No pass: Roderick ready to leave offense behind when he comes to Columbia
When Cane Bay High football coach Russell Zehr looks at his star player, R.J. Roderick, projects him transitioning to a spot than quarterback, he sees a little of a former player.
It’s a deep pull from his past, a name that might only pop for a historian of South Carolina high school football or for having the same as a former No. 1 NFL draft pick.
Mario Williams quarterbacked Ninety Six High to back-to-back state title games in 1999 and 2000, winning the second. He became a full-time safety at Gardner-Webb, twice earning conference defensive player of the year and All-American honors before an injury curtailed his senior season.
And on that path, from dynamic option quarterback to rangy college defender, is where Zehr sees Roderick.
“He’s about the same size as Mario,” Zehr said, “a little bit bigger. But as far and his ball skills and his demeanor, he’s very similar.”
He’ll be bringing that to the South Carolina football team after committing to Will Muschamp on Saturday.
Roderick’s offers were bigger than Williams’ list, and the range of spots he could play was far wider. Beyond the offer to play safety in Columbia, the 6-foot, athletic 208-pounder could have gone to N.C. State to play wide receiver, had Clemson interest at running back and nearly every option school and even Virginia with its spread offense offered him as a quarterback.
Many high school quarterbacks want to hold onto that as they move up a level, but Roderick wasn’t in that mold. The allure of playing behind center doesn’t have the overarching pull. He just wants to find his spot and settle in.
“I just can develop somewhere, just be at one position,” Roderick said. “I want to embrace it now. I have all the athleticism, the ability to do so. It’s just a matter of going out there and making it happen.”
Roderick played some defense late last season, and he said the transition of going to defensive meetings was an easy one. He’d been held back on that side because of his importance to the Cobras offense. Zehr said Roderick has enough feel for the game that he calls half the team’s plays at the line.
“It’s something that, a lot of it is self-explanatory playing quarterback,” Roderick said of picking up defense. “It’s something that I understand on the offensive side of the ball. So it kind of translates easier for me than it would for somebody just coming into playing defense.
“A lot of that stuff (are) just telltale things.”
Not being tied to the quarterback position speaks to Roderick’s history coming to it. He was a running back in his younger years at Stratford (where his brother played defensive end), and he admitted it meant he played quarterback with a running back’s mentality.
As a junior, his game grew more unselfish, the reads slowed down and he orchestrated an attack that ran for 375 yards a game (Roderick ran for 1,778 and averaged more than 21 yards per pass completion).
Roderick said he’s hoping to major in engineering in college and he will graduate from Cane Bay in December to enroll early at USC.
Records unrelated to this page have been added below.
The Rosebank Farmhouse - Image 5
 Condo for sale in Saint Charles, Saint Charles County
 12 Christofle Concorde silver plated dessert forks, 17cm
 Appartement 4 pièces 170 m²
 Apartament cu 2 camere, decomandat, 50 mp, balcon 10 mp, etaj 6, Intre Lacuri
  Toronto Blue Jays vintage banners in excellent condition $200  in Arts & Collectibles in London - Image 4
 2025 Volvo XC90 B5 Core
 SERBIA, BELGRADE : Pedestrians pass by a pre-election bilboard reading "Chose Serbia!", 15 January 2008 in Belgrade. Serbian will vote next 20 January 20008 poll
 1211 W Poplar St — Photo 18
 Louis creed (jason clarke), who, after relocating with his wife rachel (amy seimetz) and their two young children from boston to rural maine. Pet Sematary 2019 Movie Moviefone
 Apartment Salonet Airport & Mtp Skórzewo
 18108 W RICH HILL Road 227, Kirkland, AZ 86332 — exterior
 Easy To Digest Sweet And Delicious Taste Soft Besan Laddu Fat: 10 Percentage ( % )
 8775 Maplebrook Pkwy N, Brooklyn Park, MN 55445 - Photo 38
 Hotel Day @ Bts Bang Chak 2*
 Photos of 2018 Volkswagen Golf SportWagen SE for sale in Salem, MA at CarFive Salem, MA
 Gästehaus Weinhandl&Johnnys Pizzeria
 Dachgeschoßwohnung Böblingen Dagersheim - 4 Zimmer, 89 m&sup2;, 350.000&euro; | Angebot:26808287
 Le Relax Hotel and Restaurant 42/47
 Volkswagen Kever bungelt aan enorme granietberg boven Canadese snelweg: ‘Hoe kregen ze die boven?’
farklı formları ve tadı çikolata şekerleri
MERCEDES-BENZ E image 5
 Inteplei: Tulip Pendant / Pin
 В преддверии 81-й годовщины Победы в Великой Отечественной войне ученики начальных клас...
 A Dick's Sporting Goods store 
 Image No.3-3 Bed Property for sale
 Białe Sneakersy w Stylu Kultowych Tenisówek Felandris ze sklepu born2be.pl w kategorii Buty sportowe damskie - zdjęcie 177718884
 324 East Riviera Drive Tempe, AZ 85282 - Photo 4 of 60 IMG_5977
Zehr started to know what he had back during Roderick’s sophomore year. He figured he had a special talent on his hands, one whose stock would rise soon enough.
Now he’s got an SEC defensive back running the show for him on offense.
The coach also noted things started coming together when college coaches met Roderick, whose “yes-sir, no-sir” personality comes through right away.
“He’s one of those kids,” Zehr said. “Works hard in the weight room, works hard at practice. He’s also one of those kids who does the right thing, doesn’t get in trouble in school, makes good grades, got good test scores. He’s really just an all-around good kid.”